**WORK REQUEST**
Without including any pictures, copy every line below exactly.

**SUPPLIED INFORMATION**
Content starts

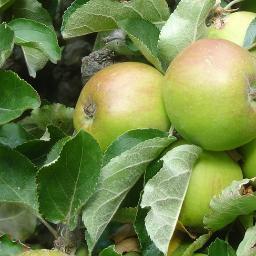 peopleandland's profile picture. Connecting people and land while caring for both. We're creating and managing a woodland playspace/community orchard at Highbury, Moseley, Birmingham.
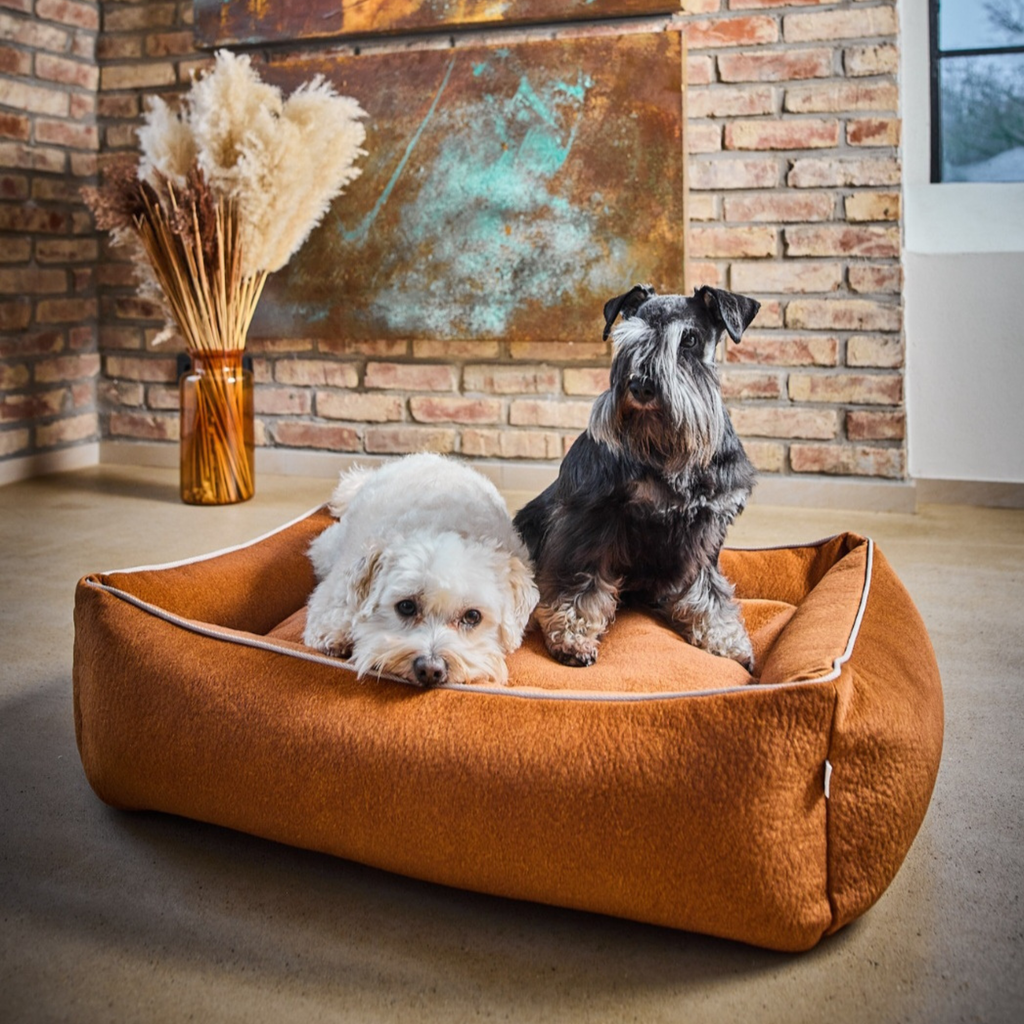 Design-Hundebett - BUFFALO Farbe TERRACOTTA VELVET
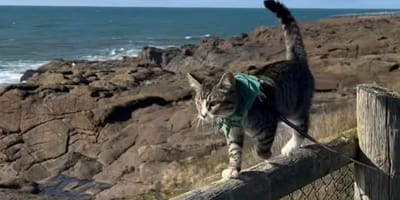 gatto a passeggio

Content ends

**SOLUTION**
 peopleandland's profile picture. Connecting people and land while caring for both. We're creating and managing a woodland playspace/community orchard at Highbury, Moseley, Birmingham.
 Design-Hundebett - BUFFALO Farbe TERRACOTTA VELVET
 gatto a passeggio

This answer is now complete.